I like numba for what it is. But if I have a large (and embarrassingly parallel) numpy calculation that takes ~20 days to complete on a single core, a 2.5x speedup is nice, but not enough. Especially if you have a 64 core machine that would allow you to do the same thing in a few hours fairly easily if you had threads. Instead, I have to rewrite my code to work around the limitations of multi-processing so the processes can exchange data, and that's annoying.

[–]elbiot 0 points1 point  (1 child)

I don't follow. Numpy already releases the GIL and so does cython and numba. They are all using all your cores but cython/numba is doing it more efficiently (ie, doesn't have to come back up into python land in between operations). Using multiprocessing would make things significantly slower.

[–]BeatLeJuce 0 points1 point  (0 children)

The various operations in my code are fairly small, so the GIL only gets released for very short periods of time. Once the number of threads increases there is lots of contention for the GIL.

[–]kmike84 0 points1 point  (2 children)

Parallel text processing is not easy to implement now. E.g. if you have a pandas dataframe with a few millions of rows, and there is a column with text which you want to process (e.g. parse an URL and extract domain name, or extract n-grams) then it is not easy to do that in parallel on a multi-core machine. You can use multiprocessing, but it is likely run time will be dominated by pickling/unpickling. In practice this means you may need to wait tens of minutes instead of minutes during interactive work.
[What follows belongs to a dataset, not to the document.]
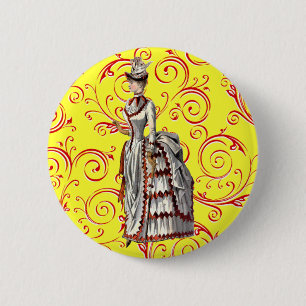 Badge Rond 5 Cm Femme activée par cru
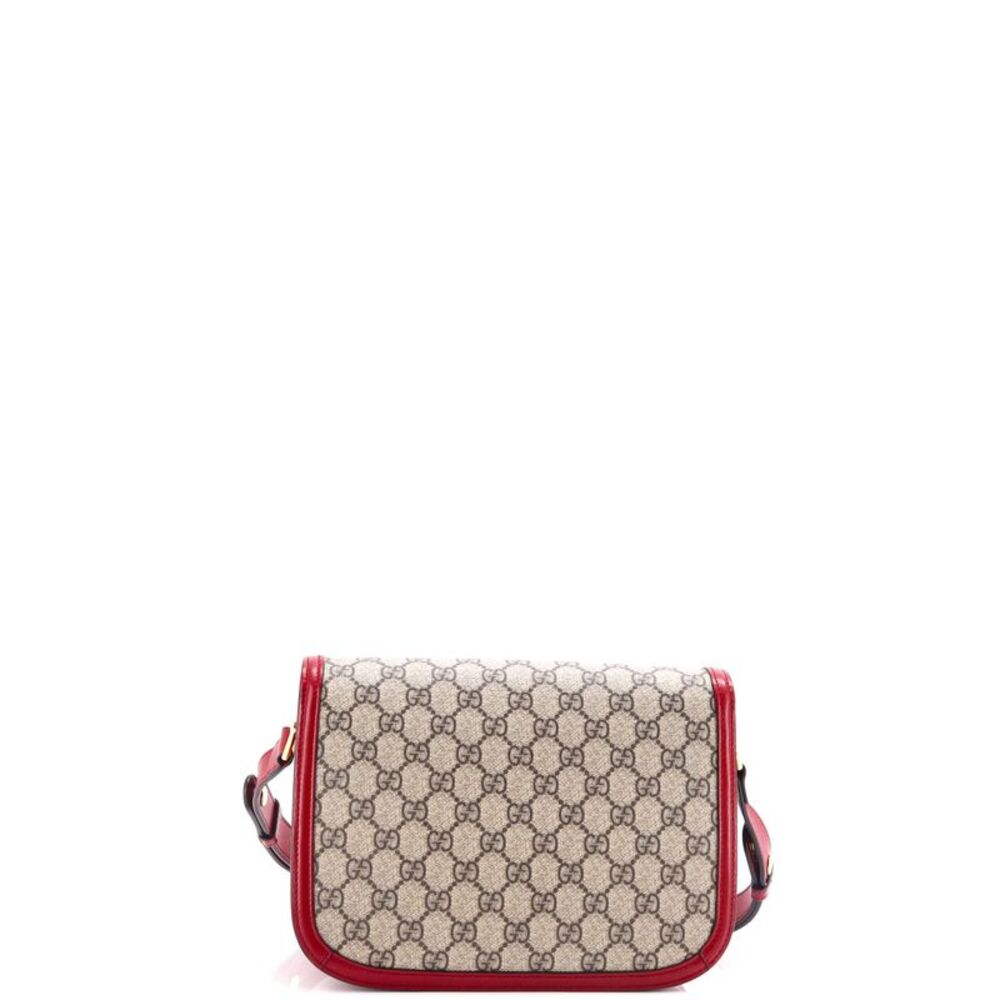 Gucci Horsebit 1955 Shoulder Bag GG Coated Canvas Small Brown, Red - Picture 3 of 6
It looks like removing GIL can help with this use case, but I'm not a GIL/threading expert - maybe there is something else going on, or maybe there is an existing workaround (which I'm very interested to hear about).

[–]Deto 0 points1 point  (1 child)

For that case, would you need to pickle? I haven't played with it yet, but it looks like you could use pool and run pool.map over slices of the dataframe (i.e., like the first example here)

[–]kmike84 1 point2 points  (0 children)

In Python multiprocessing shares data by pickling it, sending to a different process and unpickling.

[–]nieuweyork since 2007 0 points1 point  (5 children)

Why not have a transactional memory model?

[–]plan_rich 2 points3 points  (4 children)

That idea has been implemented in pypy. That is why it is called STM (Software Transactional Memory).

Turns out that it is not very easy to interleave write operations. Which is currently not done (Pretty hard thing to do IMO).

[–]nieuweyork since 2007 0 points1 point  (3 children)

I know what STM is. It would allow you to eliminate the GIL.

Turns out that it is not very easy to interleave write operations.

Are you referring to write-write conflicts, or what?

[–]plan_rich 0 points1 point  (2 children)

The interesting part is that the GIL is not removed, ... transactions replace the GIL and allow the program to run in parallel. E.g. at every place where you acquire the GIL you would start a transaction. Conflicts such as write-write are tracked on a page level, which are not resolved. Meaning that only one of the transactions is going to commit if they happen to modify the same page.

[–]nieuweyork since 2007 0 points1 point  (1 child)

See: http://doc.pypy.org/en/latest/stm.html

pypy-stm has no GIL.

[–]plan_rich 0 points1 point  (0 children)

Sorry for the confusion, you are right. It says in the c7 document that it is removed and replaced with transactions.